The two countries involved in the trade war and battling each other for technological supremacy are resuming negotiations: The U.S. and Chinese delegations are ready to meet on Monday, Jan. 7, and Tuesday, Jan. 8, in Beijing, in order to attempt, one more time, to disarm the bomb that threatens the world's economy. The two superpowers have already exchanged a flurry of tariffs on exports worth hundreds of billions of dollars and arrive at the meeting under economic pressure equaled only by the need to not capitulate to the contender’s demands and to not lose face.
The highest level representatives of the respective governments will not take part in Monday's meeting. Nevertheless, the markets will observe it carefully. The U.S. team includes undersecretaries and senior officials from key U.S. departments, such as Trade, Agriculture, Energy and the Treasury, and will be led by Deputy United States Trade Representative Jeffrey Gerrish. His boss is the hawkish Robert Lighthizer, a hard-liner in the Donald Trump administration.
The second stage of the new round of negotiations is already scheduled in Washington, D.C., in about 10 days (barring unforeseen events on Monday). The Chinese team would be headed by Vice Premier Liu He. In the event there is progress, increasingly important participants would join the talks, among them Lighthizer himself (who bears ultimate responsibility for the negotiations), flanked by Treasury Secretary Steven Mnuchin.
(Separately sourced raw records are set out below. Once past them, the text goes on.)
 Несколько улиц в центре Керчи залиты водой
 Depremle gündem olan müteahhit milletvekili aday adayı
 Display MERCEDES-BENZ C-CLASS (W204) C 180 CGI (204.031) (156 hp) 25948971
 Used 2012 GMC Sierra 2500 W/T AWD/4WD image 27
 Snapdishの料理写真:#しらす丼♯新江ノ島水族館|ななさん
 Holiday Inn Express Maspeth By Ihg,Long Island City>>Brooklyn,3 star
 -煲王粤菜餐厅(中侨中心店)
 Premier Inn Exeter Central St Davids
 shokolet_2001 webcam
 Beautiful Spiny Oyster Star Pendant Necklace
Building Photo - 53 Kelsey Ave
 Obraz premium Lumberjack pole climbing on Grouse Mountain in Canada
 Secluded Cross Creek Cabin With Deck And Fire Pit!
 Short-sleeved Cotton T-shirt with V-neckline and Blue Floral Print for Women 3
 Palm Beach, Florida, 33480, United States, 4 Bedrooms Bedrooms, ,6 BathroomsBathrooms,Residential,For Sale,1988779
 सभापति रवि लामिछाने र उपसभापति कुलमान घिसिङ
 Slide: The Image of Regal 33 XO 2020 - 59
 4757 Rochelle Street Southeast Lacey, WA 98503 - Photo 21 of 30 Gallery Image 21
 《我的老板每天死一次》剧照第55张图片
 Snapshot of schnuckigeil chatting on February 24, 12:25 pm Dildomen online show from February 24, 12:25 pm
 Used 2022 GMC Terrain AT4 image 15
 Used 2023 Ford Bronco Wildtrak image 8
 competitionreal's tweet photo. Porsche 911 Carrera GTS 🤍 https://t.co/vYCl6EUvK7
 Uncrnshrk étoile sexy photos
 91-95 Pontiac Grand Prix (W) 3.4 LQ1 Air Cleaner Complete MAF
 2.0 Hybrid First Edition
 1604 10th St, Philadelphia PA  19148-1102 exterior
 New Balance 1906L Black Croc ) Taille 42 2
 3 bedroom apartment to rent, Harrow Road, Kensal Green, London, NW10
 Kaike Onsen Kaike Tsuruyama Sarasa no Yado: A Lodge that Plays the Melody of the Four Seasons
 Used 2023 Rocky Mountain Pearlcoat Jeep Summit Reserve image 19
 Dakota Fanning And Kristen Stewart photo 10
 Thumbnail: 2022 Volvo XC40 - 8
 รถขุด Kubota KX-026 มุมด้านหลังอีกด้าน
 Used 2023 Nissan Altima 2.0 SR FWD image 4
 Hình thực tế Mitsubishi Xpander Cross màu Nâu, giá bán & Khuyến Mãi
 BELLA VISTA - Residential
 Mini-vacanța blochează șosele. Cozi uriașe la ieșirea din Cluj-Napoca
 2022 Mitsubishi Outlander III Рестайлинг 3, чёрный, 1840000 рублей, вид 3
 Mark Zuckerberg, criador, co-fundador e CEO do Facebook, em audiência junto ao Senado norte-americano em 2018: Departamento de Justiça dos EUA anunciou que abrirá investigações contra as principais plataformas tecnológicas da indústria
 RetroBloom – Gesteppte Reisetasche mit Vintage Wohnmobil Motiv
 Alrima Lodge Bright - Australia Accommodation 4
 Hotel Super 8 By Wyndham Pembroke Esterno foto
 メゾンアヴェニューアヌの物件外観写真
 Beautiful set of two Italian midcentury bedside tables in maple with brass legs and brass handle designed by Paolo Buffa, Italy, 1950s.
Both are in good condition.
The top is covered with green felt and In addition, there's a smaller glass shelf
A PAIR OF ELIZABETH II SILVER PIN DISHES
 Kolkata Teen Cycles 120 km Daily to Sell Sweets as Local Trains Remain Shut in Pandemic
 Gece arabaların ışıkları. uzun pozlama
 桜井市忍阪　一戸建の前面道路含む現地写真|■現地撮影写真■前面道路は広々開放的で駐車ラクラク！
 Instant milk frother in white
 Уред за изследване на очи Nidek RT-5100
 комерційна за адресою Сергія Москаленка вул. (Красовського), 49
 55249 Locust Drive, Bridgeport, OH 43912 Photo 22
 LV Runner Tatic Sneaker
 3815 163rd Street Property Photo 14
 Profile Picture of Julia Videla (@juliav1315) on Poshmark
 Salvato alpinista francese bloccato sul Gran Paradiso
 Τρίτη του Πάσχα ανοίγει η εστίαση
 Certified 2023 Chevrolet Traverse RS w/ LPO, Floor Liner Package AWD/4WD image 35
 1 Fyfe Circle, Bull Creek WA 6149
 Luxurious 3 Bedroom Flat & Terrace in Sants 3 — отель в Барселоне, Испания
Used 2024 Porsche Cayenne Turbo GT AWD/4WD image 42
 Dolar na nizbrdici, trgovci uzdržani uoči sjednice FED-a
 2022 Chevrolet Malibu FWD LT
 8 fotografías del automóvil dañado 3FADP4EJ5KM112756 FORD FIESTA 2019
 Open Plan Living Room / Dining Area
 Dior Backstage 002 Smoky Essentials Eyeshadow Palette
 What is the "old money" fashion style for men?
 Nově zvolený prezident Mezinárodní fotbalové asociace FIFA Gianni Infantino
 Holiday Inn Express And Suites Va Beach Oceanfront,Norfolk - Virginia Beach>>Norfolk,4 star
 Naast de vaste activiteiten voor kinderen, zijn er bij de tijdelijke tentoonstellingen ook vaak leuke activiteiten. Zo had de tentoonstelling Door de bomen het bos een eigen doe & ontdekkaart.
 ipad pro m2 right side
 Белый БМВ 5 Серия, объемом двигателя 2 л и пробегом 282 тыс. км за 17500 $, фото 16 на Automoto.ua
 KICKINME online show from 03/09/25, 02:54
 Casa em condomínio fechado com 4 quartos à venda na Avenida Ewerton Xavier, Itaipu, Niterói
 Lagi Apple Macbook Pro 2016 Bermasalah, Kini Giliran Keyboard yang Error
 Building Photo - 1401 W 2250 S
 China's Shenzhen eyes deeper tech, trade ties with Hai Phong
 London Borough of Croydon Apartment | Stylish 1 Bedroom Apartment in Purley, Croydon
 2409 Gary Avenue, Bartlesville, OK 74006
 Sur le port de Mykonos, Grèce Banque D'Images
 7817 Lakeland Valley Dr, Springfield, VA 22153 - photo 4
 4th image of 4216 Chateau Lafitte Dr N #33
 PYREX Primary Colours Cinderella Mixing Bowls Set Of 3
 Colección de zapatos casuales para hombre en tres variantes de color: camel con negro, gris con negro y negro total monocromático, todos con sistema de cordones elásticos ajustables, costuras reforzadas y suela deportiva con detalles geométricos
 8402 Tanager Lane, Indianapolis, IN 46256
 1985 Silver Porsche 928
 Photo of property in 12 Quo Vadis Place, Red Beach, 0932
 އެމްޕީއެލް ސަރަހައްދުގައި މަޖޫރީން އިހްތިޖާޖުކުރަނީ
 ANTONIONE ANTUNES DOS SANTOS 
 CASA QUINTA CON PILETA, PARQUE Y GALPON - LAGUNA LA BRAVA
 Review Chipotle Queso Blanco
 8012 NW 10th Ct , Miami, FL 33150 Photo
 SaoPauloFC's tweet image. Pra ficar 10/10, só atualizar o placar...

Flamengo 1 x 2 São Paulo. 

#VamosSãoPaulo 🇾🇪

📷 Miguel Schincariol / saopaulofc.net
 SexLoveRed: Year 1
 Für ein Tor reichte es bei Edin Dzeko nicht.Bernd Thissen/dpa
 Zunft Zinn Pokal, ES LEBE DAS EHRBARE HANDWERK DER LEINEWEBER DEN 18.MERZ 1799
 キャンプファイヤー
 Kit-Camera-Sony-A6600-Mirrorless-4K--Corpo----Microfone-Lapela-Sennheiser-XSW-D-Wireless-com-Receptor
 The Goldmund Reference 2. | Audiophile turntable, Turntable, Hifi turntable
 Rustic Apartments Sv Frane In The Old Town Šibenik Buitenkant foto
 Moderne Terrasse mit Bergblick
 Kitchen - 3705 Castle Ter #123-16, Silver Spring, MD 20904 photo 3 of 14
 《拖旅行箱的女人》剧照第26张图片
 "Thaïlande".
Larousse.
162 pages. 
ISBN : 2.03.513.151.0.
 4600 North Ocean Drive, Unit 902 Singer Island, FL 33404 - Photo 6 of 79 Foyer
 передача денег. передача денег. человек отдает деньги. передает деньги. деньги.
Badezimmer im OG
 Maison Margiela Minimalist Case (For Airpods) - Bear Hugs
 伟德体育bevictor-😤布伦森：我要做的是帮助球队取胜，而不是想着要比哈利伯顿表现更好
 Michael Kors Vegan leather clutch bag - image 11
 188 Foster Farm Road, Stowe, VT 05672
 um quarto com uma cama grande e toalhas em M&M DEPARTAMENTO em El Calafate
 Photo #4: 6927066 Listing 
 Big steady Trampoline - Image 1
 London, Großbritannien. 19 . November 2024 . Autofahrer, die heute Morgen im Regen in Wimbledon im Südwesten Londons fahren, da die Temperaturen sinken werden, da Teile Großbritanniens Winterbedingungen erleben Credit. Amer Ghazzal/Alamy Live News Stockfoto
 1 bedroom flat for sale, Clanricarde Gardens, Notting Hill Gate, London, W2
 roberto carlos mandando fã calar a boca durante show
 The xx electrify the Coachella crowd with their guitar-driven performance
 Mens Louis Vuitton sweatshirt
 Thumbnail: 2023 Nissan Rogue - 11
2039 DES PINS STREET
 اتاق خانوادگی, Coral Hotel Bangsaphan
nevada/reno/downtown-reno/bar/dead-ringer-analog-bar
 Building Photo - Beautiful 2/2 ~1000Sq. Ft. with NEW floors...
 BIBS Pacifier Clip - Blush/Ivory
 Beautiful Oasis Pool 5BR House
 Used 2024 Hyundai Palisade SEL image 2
The goal is to stop the countdown that will soon force the two largest economies of the world to defuse a new D-Day. At the end of March, the truce reached by Presidents Trump and Xi Jinping on Dec. 1 will end. Its terms were that the extra tariffs that the U.S. threatened to impose on $200 billion worth of products made in China, and that were scheduled for Jan. 1, would be put on hold for 90 days. Once the automatic retaliation was frozen, Beijing lowered the high taxes it had already imposed in response on American automobiles and promised to purchase greater quantities of American soybeans.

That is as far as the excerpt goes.